# Exercise goal
Retype the records below word for word and omit any image.

Saved data entries
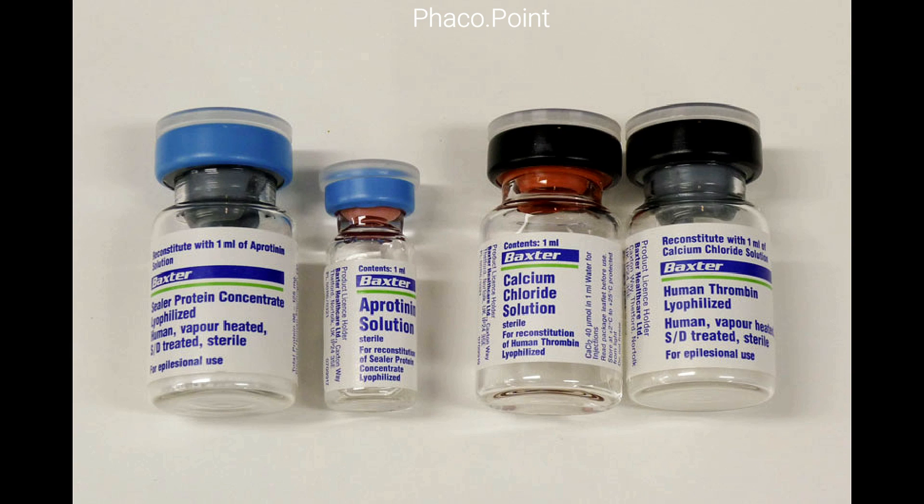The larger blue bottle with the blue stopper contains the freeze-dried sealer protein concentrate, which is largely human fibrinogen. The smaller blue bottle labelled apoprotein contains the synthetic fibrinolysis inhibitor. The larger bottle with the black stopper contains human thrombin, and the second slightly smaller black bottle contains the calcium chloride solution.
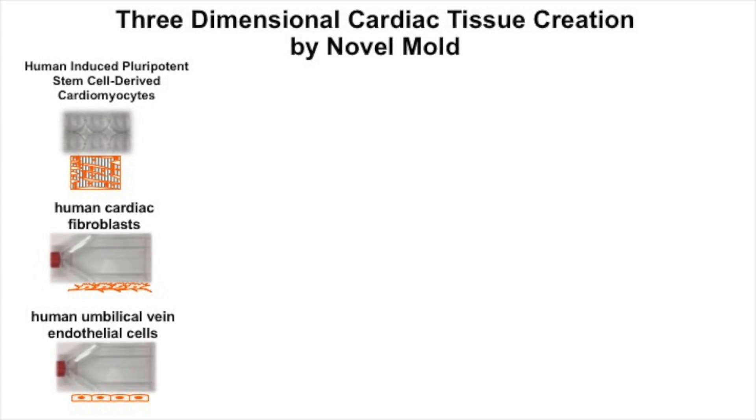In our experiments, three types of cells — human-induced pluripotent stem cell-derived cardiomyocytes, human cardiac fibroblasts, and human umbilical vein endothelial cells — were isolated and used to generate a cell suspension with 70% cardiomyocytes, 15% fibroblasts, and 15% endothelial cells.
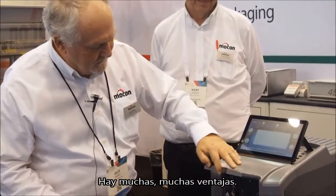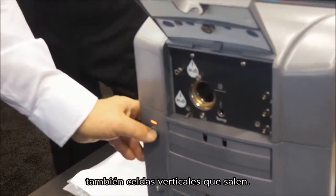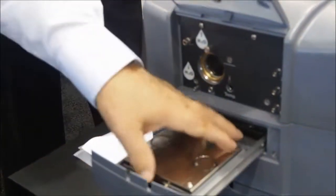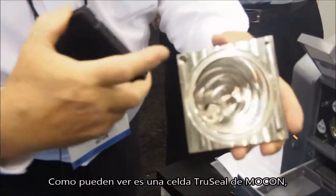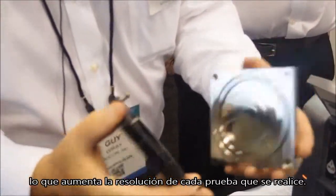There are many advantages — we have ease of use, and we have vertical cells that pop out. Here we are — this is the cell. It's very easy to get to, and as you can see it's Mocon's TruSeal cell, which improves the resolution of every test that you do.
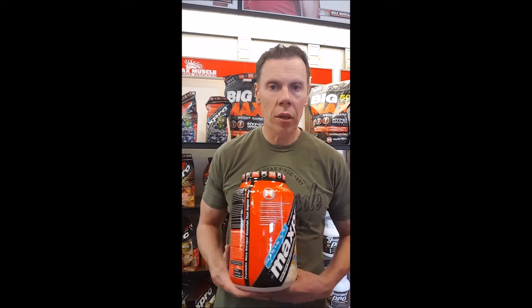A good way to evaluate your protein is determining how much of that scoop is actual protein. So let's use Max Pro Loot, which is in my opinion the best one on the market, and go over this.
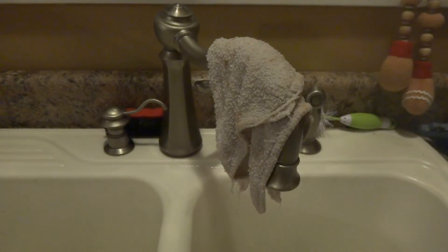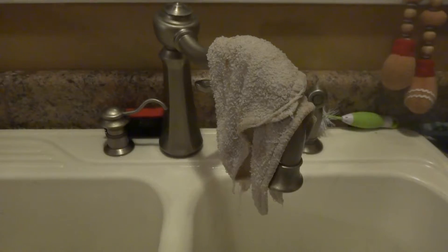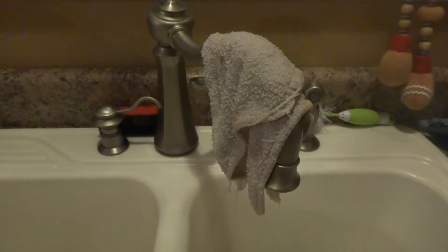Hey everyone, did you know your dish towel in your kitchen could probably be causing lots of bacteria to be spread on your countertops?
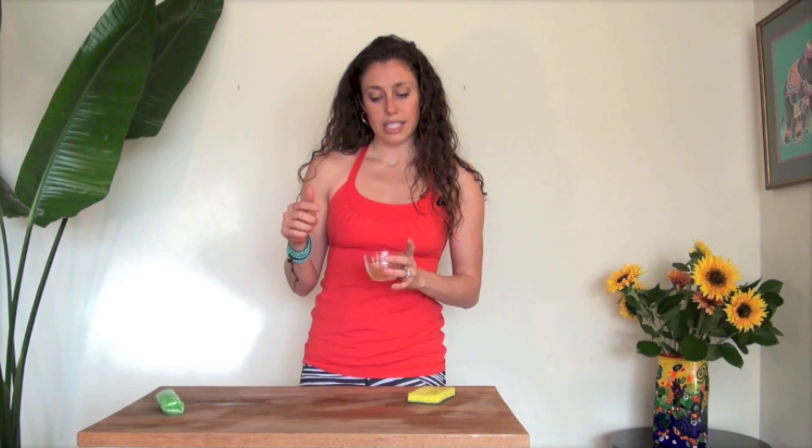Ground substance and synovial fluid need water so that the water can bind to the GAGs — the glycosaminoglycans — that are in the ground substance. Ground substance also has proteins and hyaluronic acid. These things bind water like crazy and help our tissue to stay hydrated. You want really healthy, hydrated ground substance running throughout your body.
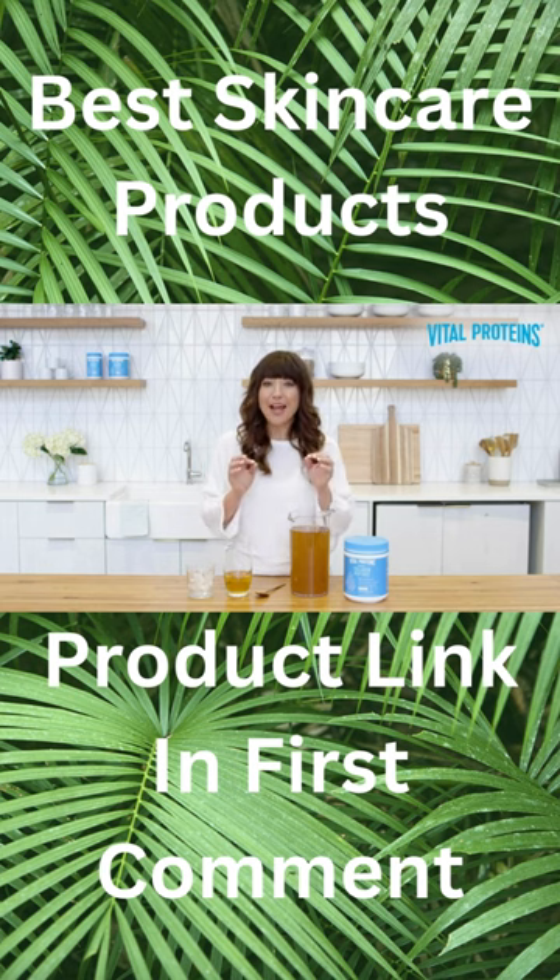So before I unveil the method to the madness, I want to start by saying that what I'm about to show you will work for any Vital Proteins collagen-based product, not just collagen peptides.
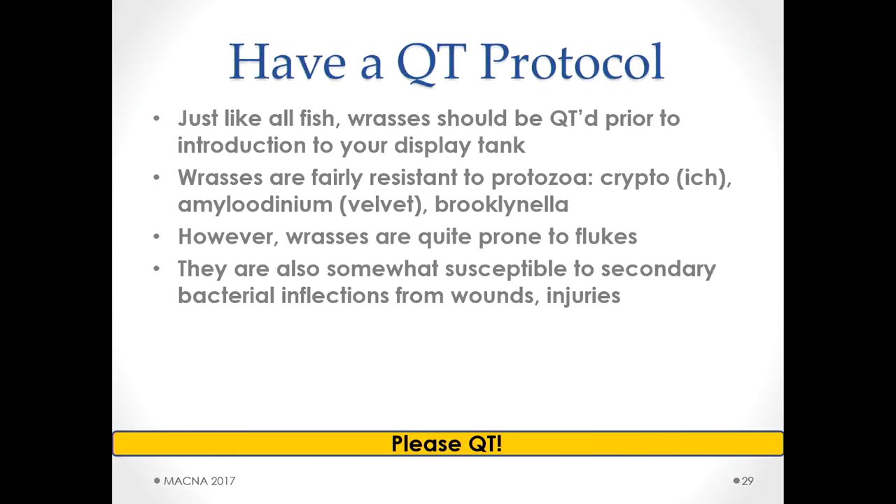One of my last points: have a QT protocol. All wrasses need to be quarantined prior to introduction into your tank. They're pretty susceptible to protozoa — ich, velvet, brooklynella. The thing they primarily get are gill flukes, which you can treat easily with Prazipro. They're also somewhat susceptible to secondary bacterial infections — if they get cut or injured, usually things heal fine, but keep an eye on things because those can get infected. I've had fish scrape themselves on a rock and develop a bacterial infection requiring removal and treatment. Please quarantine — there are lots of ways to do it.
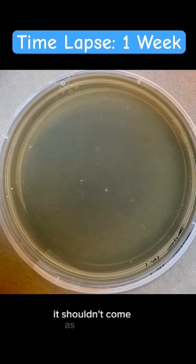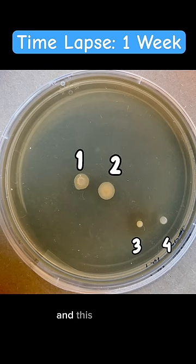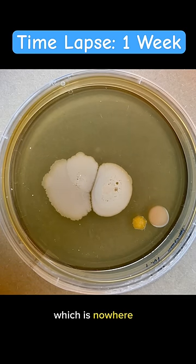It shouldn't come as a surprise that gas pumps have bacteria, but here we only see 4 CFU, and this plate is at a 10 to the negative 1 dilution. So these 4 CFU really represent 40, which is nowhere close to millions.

# Result of the exercise
The larger blue bottle with the blue stopper contains the freeze-dried sealer protein concentrate, which is largely human fibrinogen. The smaller blue bottle labelled apoprotein contains the synthetic fibrinolysis inhibitor. The larger bottle with the black stopper contains human thrombin, and the second slightly smaller black bottle contains the calcium chloride solution.
In our experiments, three types of cells — human-induced pluripotent stem cell-derived cardiomyocytes, human cardiac fibroblasts, and human umbilical vein endothelial cells — were isolated and used to generate a cell suspension with 70% cardiomyocytes, 15% fibroblasts, and 15% endothelial cells.
There are many advantages — we have ease of use, and we have vertical cells that pop out. Here we are — this is the cell. It's very easy to get to, and as you can see it's Mocon's TruSeal cell, which improves the resolution of every test that you do.
A good way to evaluate your protein is determining how much of that scoop is actual protein. So let's use Max Pro Loot, which is in my opinion the best one on the market, and go over this.
Hey everyone, did you know your dish towel in your kitchen could probably be causing lots of bacteria to be spread on your countertops?
Ground substance and synovial fluid need water so that the water can bind to the GAGs — the glycosaminoglycans — that are in the ground substance. Ground substance also has proteins and hyaluronic acid. These things bind water like crazy and help our tissue to stay hydrated. You want really healthy, hydrated ground substance running throughout your body.
So before I unveil the method to the madness, I want to start by saying that what I'm about to show you will work for any Vital Proteins collagen-based product, not just collagen peptides.
One of my last points: have a QT protocol. All wrasses need to be quarantined prior to introduction into your tank. They're pretty susceptible to protozoa — ich, velvet, brooklynella. The thing they primarily get are gill flukes, which you can treat easily with Prazipro. They're also somewhat susceptible to secondary bacterial infections — if they get cut or injured, usually things heal fine, but keep an eye on things because those can get infected. I've had fish scrape themselves on a rock and develop a bacterial infection requiring removal and treatment. Please quarantine — there are lots of ways to do it.
It shouldn't come as a surprise that gas pumps have bacteria, but here we only see 4 CFU, and this plate is at a 10 to the negative 1 dilution. So these 4 CFU really represent 40, which is nowhere close to millions.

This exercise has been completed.